▶ **REQUIRED WORK**
What is needed is an exact transcription of the line containing "Long Beach Red" and every line after it through the end of the entries below, with no pictures.

-- INPUT DATA follows --

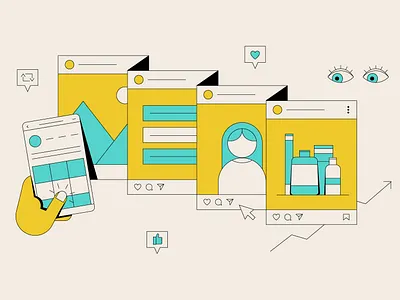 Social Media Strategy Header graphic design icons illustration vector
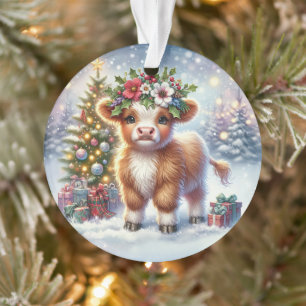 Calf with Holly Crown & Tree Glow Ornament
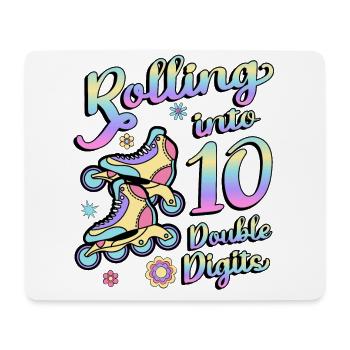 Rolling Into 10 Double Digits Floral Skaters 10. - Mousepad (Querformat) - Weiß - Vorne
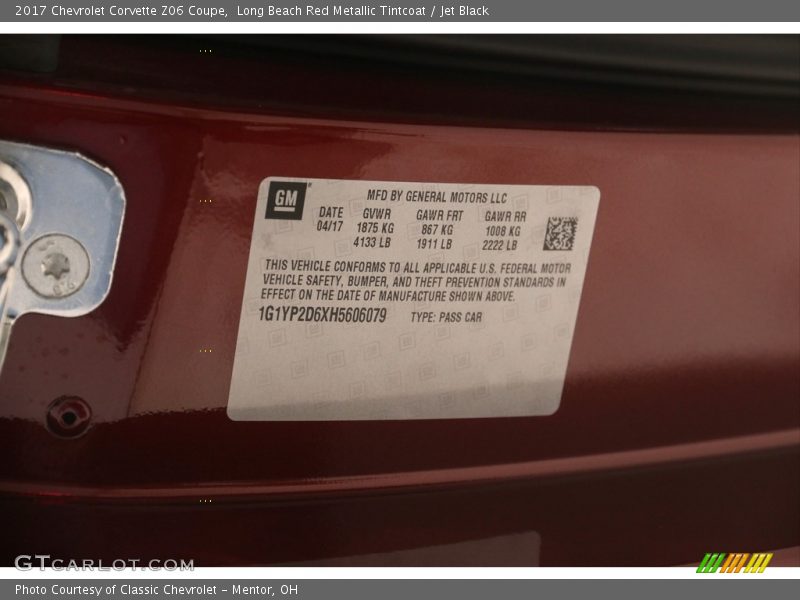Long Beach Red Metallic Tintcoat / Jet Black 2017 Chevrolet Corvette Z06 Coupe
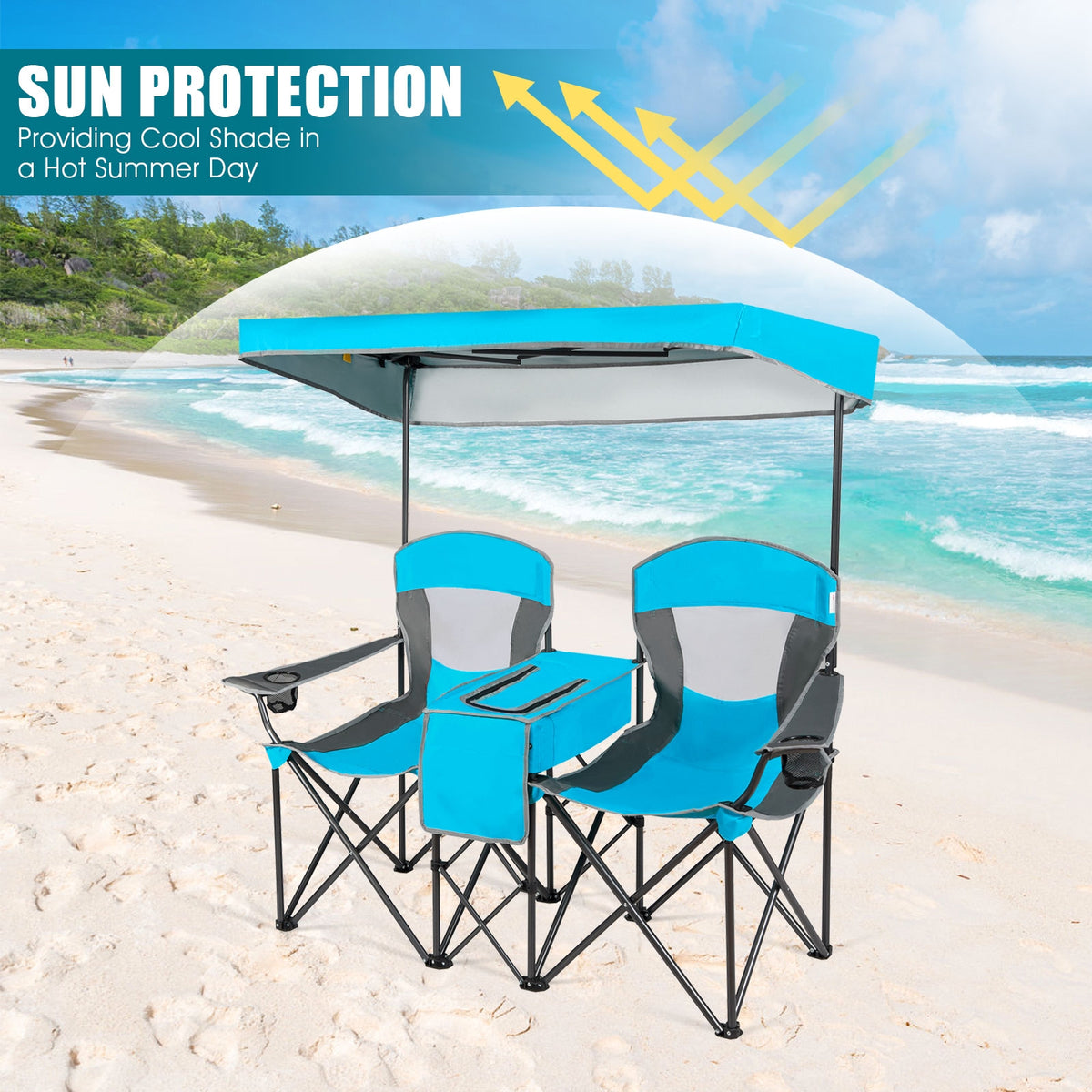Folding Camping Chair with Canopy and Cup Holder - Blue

-- INPUT DATA concluded --

▶ **OUTPUT OF THE TASK**
Long Beach Red Metallic Tintcoat / Jet Black 2017 Chevrolet Corvette Z06 Coupe
Folding Camping Chair with Canopy and Cup Holder - Blue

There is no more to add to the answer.